* [What you should do]: Retype the data exactly, skipping any picture in it.

[Dataset section — start]

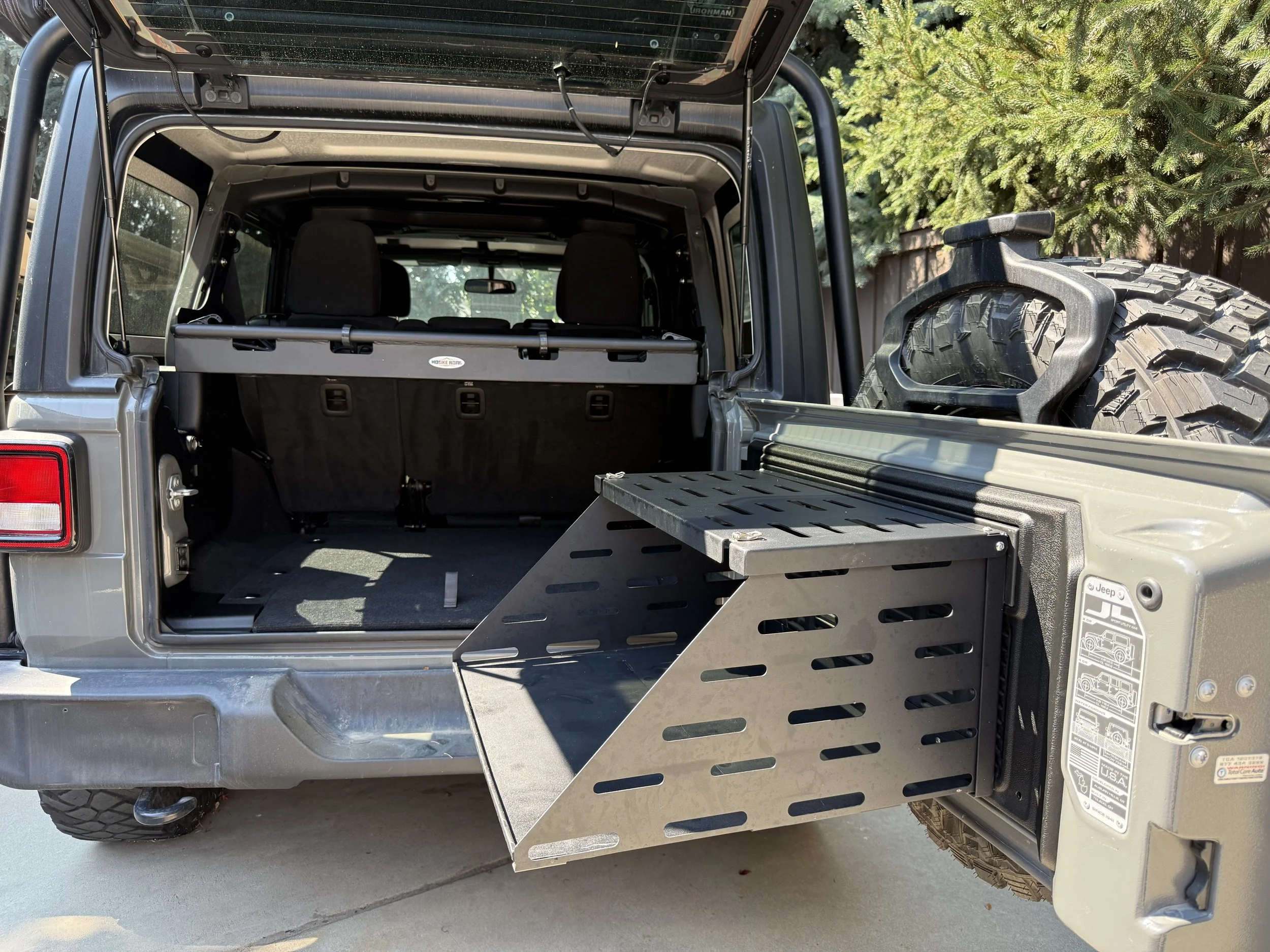 Rear cargo area with tailgate table extended and drawer storage system visible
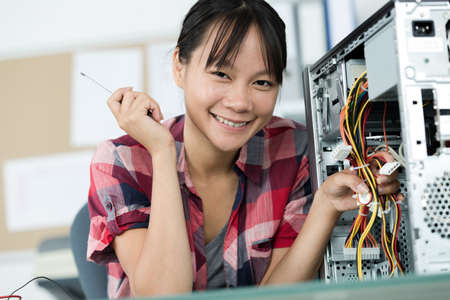 happy young female pc technician in classの写真素材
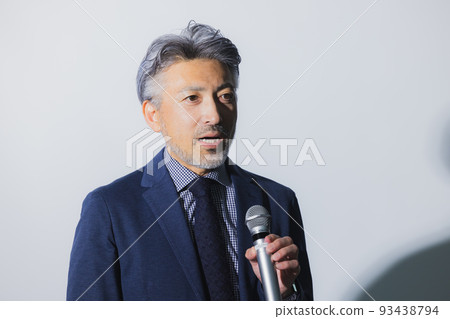 A man with gray hair giving a speech 93438794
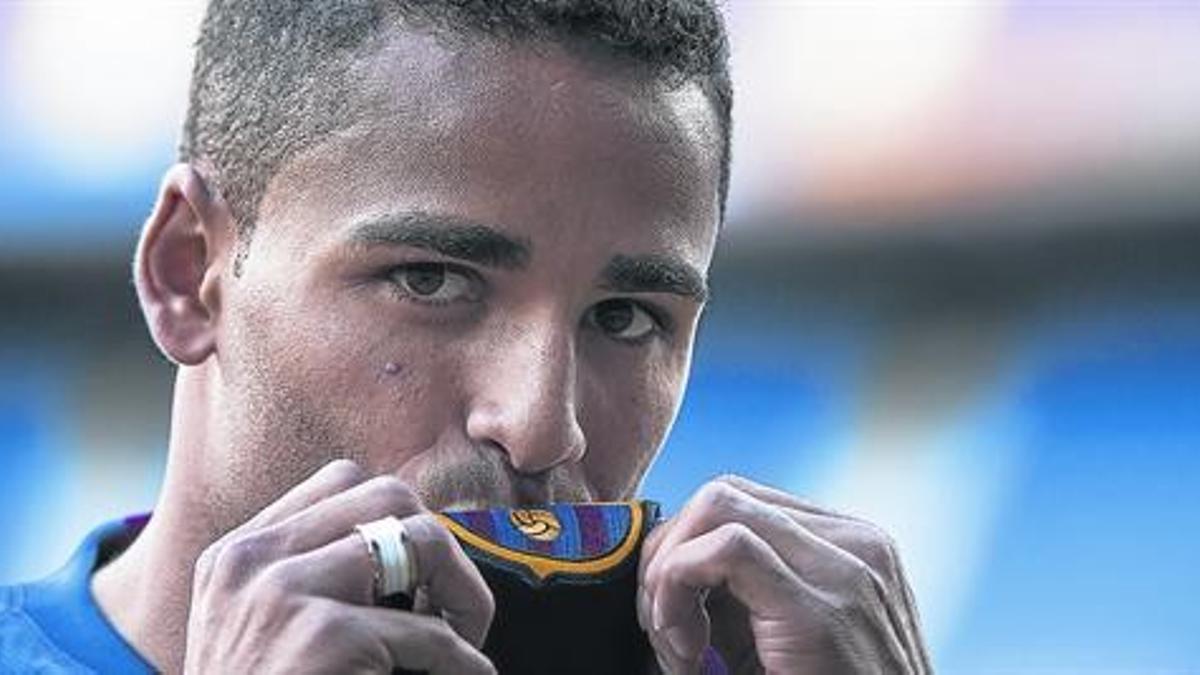 Douglas besa el escudo durante su presentación en el Camp Nou, ayer.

[Dataset section — finish]

* [Solution for this task]:
 Rear cargo area with tailgate table extended and drawer storage system visible
 happy young female pc technician in classの写真素材
 A man with gray hair giving a speech 93438794
 Douglas besa el escudo durante su presentación en el Camp Nou, ayer.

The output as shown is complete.